Melissa Bell (5 March 1964 – 28 August 2017) was an English singer. From 1993 to 1996, Bell was one of the lead singers of British R&B act Soul II Soul, with whom she released a single titled "Wish". She also created her own band called Soul Explosion, which started in 1999. Bell also worked with Liza Minnelli, Whitney Houston, and Stevie Wonder.

==Early life==
Euphemia Imelda Ewen was born on 5 March 1964 in London. Her parents Ivy (née Dooley) and Ivan Ewen were born in Jamaica and immigrated to London on a Spanish ship called TN Begoña (ex-Vassar Victory), a famous WWII-era Victory ship converted into a popular migrant liner in the 1950s-70s for the Spanish Line. According to her autobiography Heart and Soul: The Emotional Autobiography of Melissa Bell, her mother was half Jamaican and half Irish and her father was half Jamaican and half Indian. She has three half siblings: Frances from her father's previous relationship, and Sonia and Danny from her mother's previous relationship. Bell was a graduate of Southwark College in the London Borough of Southwark. She worked in customer service for Marks and Spencer from 1982 until 1991.

==Career==
In 1987, she was featured on Bobby E and the Midi City Crew's single "Walk on the Wild Side". In 1991, she appeared on the song "The Dancer" from the Bingoboys' album The Best of Bingoboys. She released her debut single "Reconsider" in 1992, which received major radio play. In the same year, she released another single titled "Crystal Clear".

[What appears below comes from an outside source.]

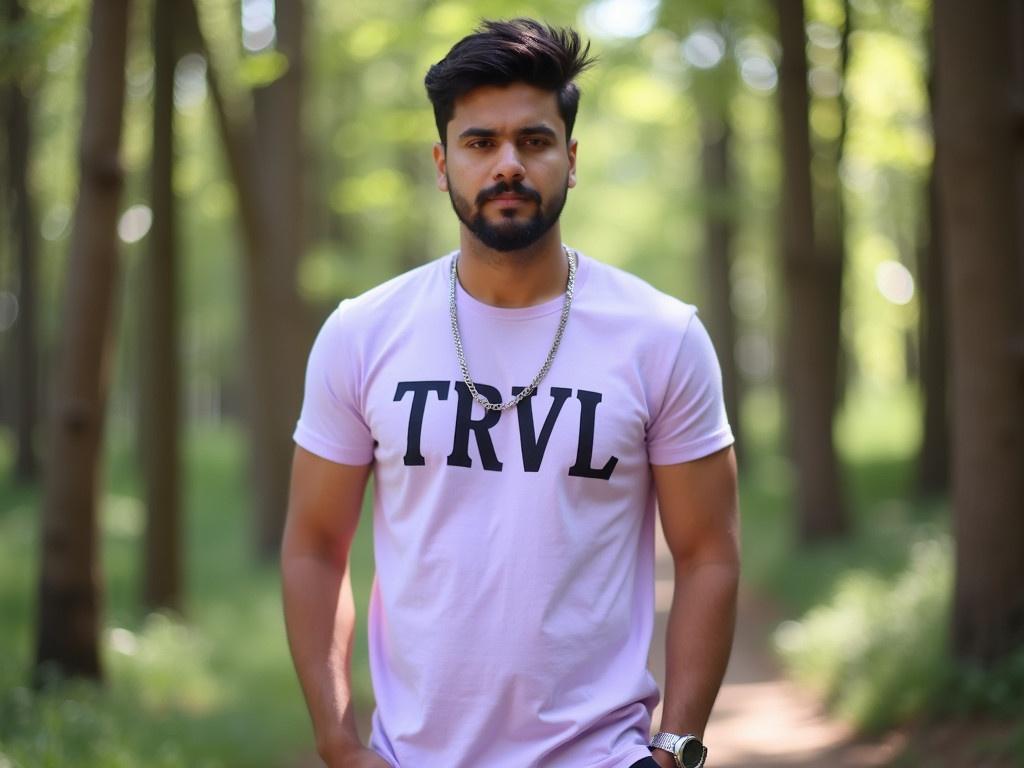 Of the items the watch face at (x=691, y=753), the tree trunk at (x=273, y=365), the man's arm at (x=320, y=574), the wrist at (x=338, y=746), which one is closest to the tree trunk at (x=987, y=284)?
the watch face at (x=691, y=753)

In 1993, Bell joined British musical group Soul II Soul after Jazzie B heard her single "Reconsider" and asked her to join the group. She recorded a single called "Wish", which was released on their greatest hits album Volume IV The Classic Singles 88–93 in 1993. The single peaked at number 24 on the UK Singles Chart. Following the success of the song she was invited to perform it on Top of the Pops while heavily pregnant with her son,

She continued to record and tour with the group as one of their featured singers. In 1995, she performed lead vocals on the song "Be a Man" on their fourth studio album Volume V: Believe. In 1996, she departed from the group to continue her solo career.

In 1997, Bell released four singles: "Rumbled Sex", "Surrender", "Mixed Up", and "Nothing Gonna Stop Me Now"; which featured Potential Bad Boy. In 1999, she formed a new soul band called Soul Explosion. In 2000, she released two singles "Into My World" and "Love's in Need of Love Today" with a group called Dazz. In 2002, she released another single, "(No More) Searching".

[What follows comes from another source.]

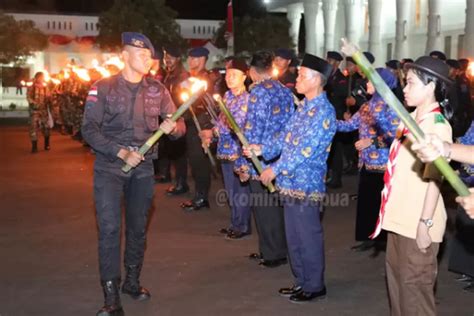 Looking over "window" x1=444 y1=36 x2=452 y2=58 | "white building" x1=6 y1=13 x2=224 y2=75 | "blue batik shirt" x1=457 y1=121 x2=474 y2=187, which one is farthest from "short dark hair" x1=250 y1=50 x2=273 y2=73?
"white building" x1=6 y1=13 x2=224 y2=75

In June 2010, she released her autobiography Heart and Soul: The Emotional Autobiography of Melissa Bell.

==Personal life==
Bell was married to David Burke (born 1954), whom she divorced in 1992 and she was the mother of four children including singer Alexandra Burke. She suffered from diabetes mellitus. She also suffered kidney failure, and struggled to attend many of her daughter's live performances during her time on The X Factor. On 29 August 2017, her daughter Alexandra announced the death of the singer; her family asked for privacy.

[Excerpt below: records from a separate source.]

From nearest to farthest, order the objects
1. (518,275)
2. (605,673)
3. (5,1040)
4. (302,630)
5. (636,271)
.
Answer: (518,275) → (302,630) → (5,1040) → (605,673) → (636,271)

During BBC1's The One Show on 25 November 2020, Burke confirmed the proceeds of her 2020 Christmas record "Silent Night", which features the voice of her mother, would all go to The Melissa Bell Foundation. The foundation supports aspiring youngsters wishing to attend the Sylvia Young Theatre School.

==Discography==
- Singles
- 1991: "Walk on the Wild Side" (Bobby E and the Midi City Crew featuring Melissa Bell)
- 1992: "Reconsider"
- 1992: "Crystal Clear"
- 1993: "Wish" (with Soul II Soul)
- 1997: "Rumbled Sex"
- 1997: "Surrender"
- 1997: "Mixed Up"
- 1997: "Nothing Gonna Stop Me Now" (featuring Potential Bad Boy)
- 2000: "Into My World" (with Dazz)
- 2001: "Love's in Need of Love Today" (with Dazz)
- 2002: "(No More) Searching"
- 2009: "Innocent Till Proven Guilty"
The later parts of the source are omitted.